Была ли она вправду чрезмерно рассудительной, как это казалось и Савченко и Андрею Ивановичу? Или только хотела показаться такой, считая, что иначе нельзя, что все остальное — это «идеализм», «донкихотство», «глупости»? Отец не мог понять, почему, увлекаясь литературой, она пошла в технический институт. Она объясняла: «Это нужнее. Легче будет найти интересную работу». В институте она пристрастилась к электротехнике, но продолжала говорить: «Это то, что теперь требуется». Она любила стихи, особенно Лермонтова и Блока, а отцу сказала: «Если уж признавать поэзию, то только Маяковского…» Мать она жалела и старалась помочь ей в хозяйстве, причем все делала спокойно, толково, умела в магазине пробиться к прилавку, расшевелить управдома. Когда Надежда Егоровна жаловалась, что отец не бережет себя, Соня отвечала: «Ему нужно что-то делать, это его поддерживает». Слушая рассказы Андрея Ивановича о том, что у Миши теперь одни пятерки или что Сеня увлекся химией, Соня думала: а я ведь по сравнению с ними старуха…
Когда она поздравила отца с днем рождения, он усмехнулся: «Радоваться-то нечему: лет много, а сделал мало». Соня рассмеялась: «Мне ты кажешься молодым…»
К обеду пришли гости, знакомые Володи — художник Сабуров с женой и актриса местного театра Орлова, которую все звали Танечкой. Надежда Егоровна позвала, конечно, и Савченко, но он сказал, что должен выступить на читательской конференции, придет позже.

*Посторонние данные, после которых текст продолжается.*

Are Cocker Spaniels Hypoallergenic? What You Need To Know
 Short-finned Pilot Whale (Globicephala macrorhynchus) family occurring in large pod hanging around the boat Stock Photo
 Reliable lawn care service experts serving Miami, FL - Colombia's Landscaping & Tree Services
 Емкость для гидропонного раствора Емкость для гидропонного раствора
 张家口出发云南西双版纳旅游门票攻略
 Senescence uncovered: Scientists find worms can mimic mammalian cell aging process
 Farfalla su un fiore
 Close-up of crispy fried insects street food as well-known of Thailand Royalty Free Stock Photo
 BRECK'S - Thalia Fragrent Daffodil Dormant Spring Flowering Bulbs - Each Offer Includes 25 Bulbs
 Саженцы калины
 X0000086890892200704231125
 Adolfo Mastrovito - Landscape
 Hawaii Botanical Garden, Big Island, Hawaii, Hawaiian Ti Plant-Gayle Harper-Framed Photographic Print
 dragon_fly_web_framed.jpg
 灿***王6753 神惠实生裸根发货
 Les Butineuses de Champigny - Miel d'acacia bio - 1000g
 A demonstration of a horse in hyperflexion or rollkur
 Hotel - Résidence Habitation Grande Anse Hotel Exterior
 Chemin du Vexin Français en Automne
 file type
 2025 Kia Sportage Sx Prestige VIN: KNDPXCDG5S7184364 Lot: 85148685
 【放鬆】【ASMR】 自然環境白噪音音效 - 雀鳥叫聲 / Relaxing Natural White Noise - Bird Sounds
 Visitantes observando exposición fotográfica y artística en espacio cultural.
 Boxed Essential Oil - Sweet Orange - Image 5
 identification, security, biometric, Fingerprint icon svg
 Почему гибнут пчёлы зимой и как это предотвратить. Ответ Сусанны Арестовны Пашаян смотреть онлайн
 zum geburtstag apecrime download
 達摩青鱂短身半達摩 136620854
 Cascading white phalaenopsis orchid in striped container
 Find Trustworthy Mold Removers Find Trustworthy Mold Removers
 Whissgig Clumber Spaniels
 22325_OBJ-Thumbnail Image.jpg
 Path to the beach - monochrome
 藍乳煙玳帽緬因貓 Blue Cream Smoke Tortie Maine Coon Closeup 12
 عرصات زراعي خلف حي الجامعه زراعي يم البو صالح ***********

За обедом Володя добродушно подтрунивал над Сабуровым; тот пробовал оправдываться, но говорил настолько невнятно, что никто ничего не понял.
Когда-то Сабуров учился вместе с Володей, и подростками они дружили. Жизнь их развела. Володя мечтал о славе, о деньгах, интересовался, какие темы «ударные», кого за что наградили, кого проработали. А Сабуров прилежно писал пейзажи, которых нигде не выставляли. Этот человек, кажется, любил в жизни только живопись и свою жену Глашу, хромую, болезненную женщину. Глаша работала корректором, и жили Сабуровы главным образом на ее маленькую зарплату; жили плохо. По тому, с каким усердием Сабуров поглощал огромные куски пирога, которые подкладывала ему Надежда Егоровна, было видно, что не всегда он ест досыта. Глаша глядела на него влюбленными глазами. С тех пор как они поженились, Сабуров, кроме пейзажей, писал жену; на портретах она казалась уродливой, но он и уродству придавал какую-то прелесть. Володя не раз говорил родителям, что Сабуров очень талантлив, пожалуй, талантливее всех, но у него не хватает винтика в голове, человек не хочет понять, что теперь требуется, толку из него не выйдет.
Володя и за обедом посмеивался над Сабуровым:
— Ты все еще хочешь переспорить эпоху?
Сабуров в ответ горячо, но невразумительно говорил о Рафаэле, о чувстве цвета, о композиции, пока не вмешивалась Надежда Егоровна:
— Да вы кушайте, остынет…
Шампанское Надежда Егоровна приберегла под конец: ждала Савченко. Когда он пришел, она украдкой взглянула на дочь. Соня спокойно разговаривала с Танечкой о театре, даже не улыбнулась.
Андрей Иванович начал расспрашивать Савченко, что было в клубе.
— Меня удивил Коротеев, — сказал Савченко. — Я его считаю человеком умным, тонким, а выступал он по трафарету. Вы читали роман?
— Не читал, — вздохнул Андрей Иванович. — Все как-то не выходит… А говорят, хорошая книга.
— Книга, может быть, и плохая, но волнует. Там, в частности, описана несчастная любовь. Коротеев напустился именно на это. Получается, что личным драмам не место в литературе, незачем «копаться в чувствах» и так далее. Скажи это Брайнин, я не удивился бы, но от Коротеева я ждал другого…
Володя усмехнулся.
— Такие конференции — это нечто вроде критической самодеятельности. Коротеев — умный человек, зачем ему говорить то, что он думает?